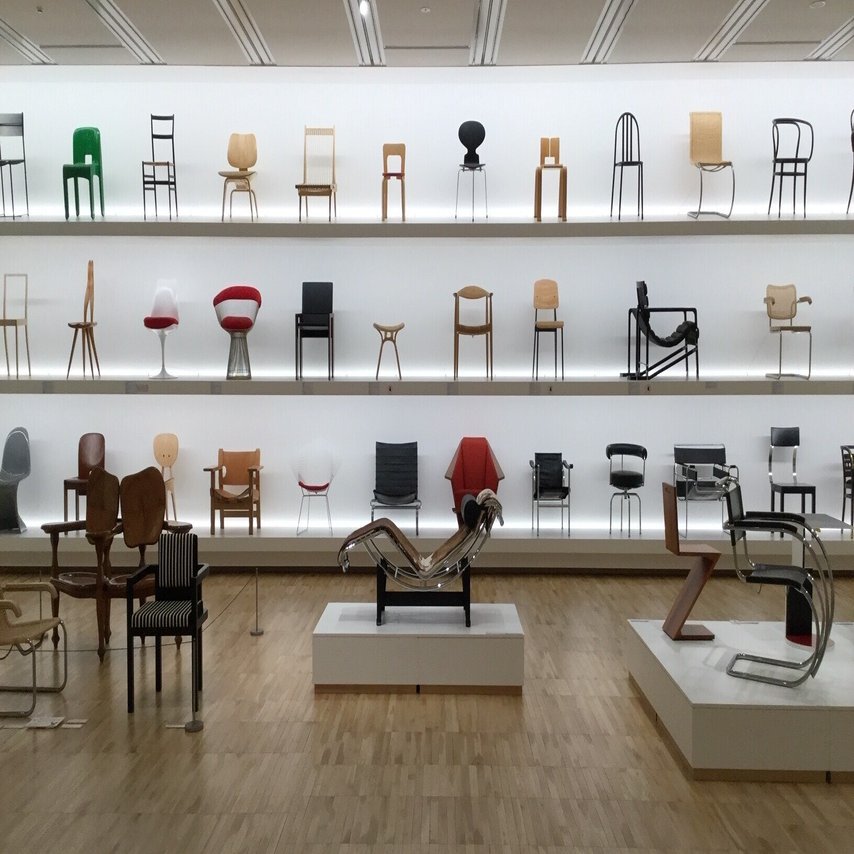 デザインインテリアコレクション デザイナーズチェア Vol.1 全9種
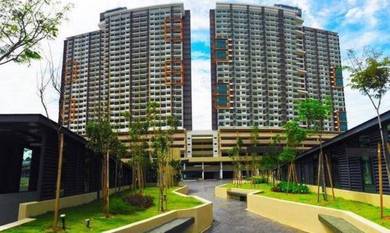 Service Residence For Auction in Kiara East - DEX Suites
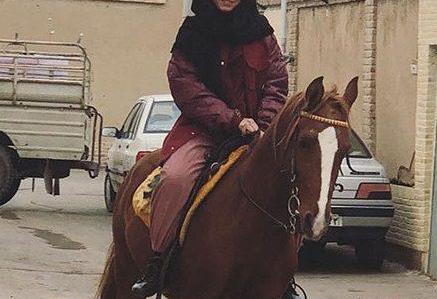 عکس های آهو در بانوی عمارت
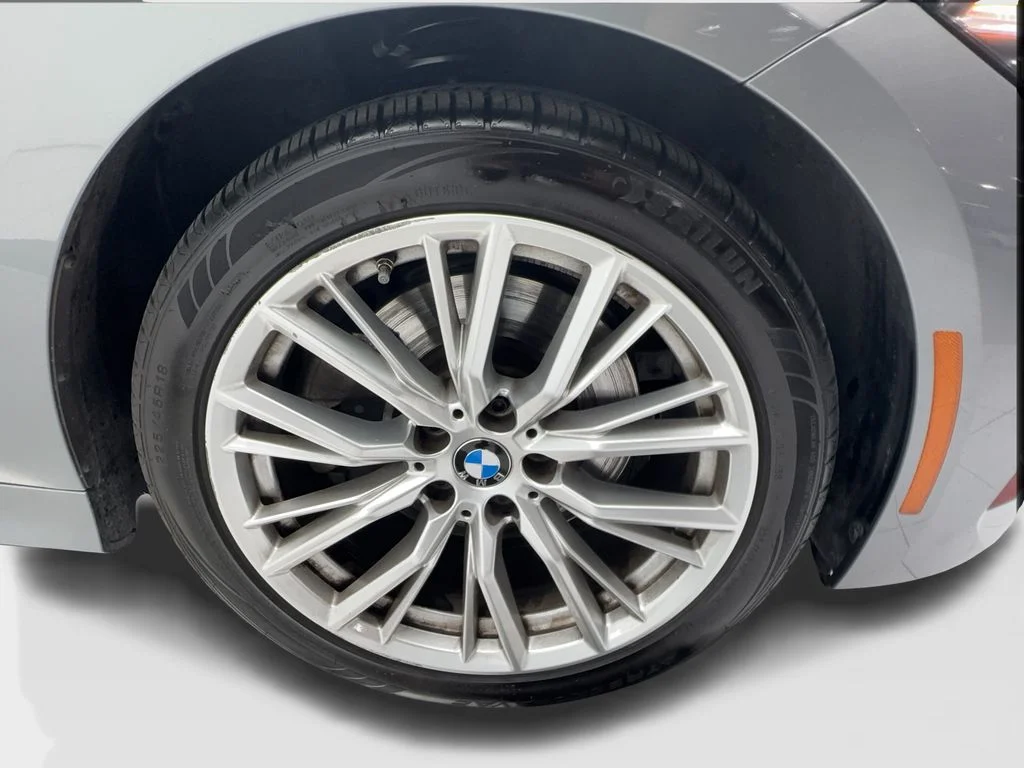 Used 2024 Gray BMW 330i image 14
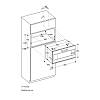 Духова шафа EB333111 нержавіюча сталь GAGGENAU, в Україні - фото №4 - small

--------------------------------------------------

EXERCISE OBJECTIVE:
Without the pictures, give every line above again exactly.

EXERCISE SOLUTION:
 デザインインテリアコレクション デザイナーズチェア Vol.1 全9種
 Service Residence For Auction in Kiara East - DEX Suites
 عکس های آهو در بانوی عمارت
 Used 2024 Gray BMW 330i image 14
 Духова шафа EB333111 нержавіюча сталь GAGGENAU, в Україні - фото №4 - small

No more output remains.